Memory as the Agent of the Self

            Having reviewed these various ways that we loosely and indeed mistakenly attribute identity to things that do not in fact remain numerically the same or identical to themselves, Hume turns to personal identity to conclude, “The identity which we ascribe to the mind of man is only a fictitious one and of a like kind with that which we ascribe to vegetables and animal bodies.”  This then brings us to the question of what is responsible for, or what is the agent of, the fiction, and Hume’s answer is the memory. 

            At the beginning of his consideration of the self, as we noted, Hume asserts that there is no real idea of a self, because all ideas come from sense impressions and there is no object of self to have a sense impression of: we can never set eyes on our self.  Therefore we are left to explain the idea of the self as a matter not of a real and self-subsistent object but of associations of ideas that are real, namely the perceptions in the mind that have come from sense impressions (recall that perceptions include both impressions and ideas, the former being external, the latter internal); it is thus that Hume describes the self as “a bundle of perceptions.”  So the question now is, how do certain perceptions get bundled together in the first place to make up what I refer to as “myself”?  Recall that there are three ways that ideas become associatedresemblance, contiguity and cause and effect.  Since these are the only three ways that ideas become associated, it can only be by such means that my perceptions become related to one another and so “bundled” into a “self”; and Hume argues that both resemblance and cause and effect, but not contiguity, are at play in so constituting personal identity.
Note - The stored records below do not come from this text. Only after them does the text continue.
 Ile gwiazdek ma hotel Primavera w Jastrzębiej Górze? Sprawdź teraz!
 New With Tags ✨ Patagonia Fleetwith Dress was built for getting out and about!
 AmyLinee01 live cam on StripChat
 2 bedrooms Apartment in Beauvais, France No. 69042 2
               Clearly as I walk along the street, I experience a constant stream of distinct impressions, and it is not difficult to see that each distinct impression I see, from moment to moment, is typically very similar to the ones preceding it, which linger in my memory, since after all it appears to be “same” street I am walking down as I go along.  Thus it is easy to see how the mind might string together these succeeding perceptions and attribute them to being the perceptions made by the selfsame object, namely “I,” thus the idea of personal identity, as the “I” who is experiencing this stream of similar perceptions.  Thus “the memory not only discovers the identity, but also contributes to its production by producing the relation of resemblance among the perceptions.”  (We might note that there may be an objection to this: since the street that I walk along only appears to be the same (but is in fact changing along with each succeeding impression of it), we might wonder how we can be sure that we will automatically recognize this street as the “same” from moment to moment, since it is not in fact the same.)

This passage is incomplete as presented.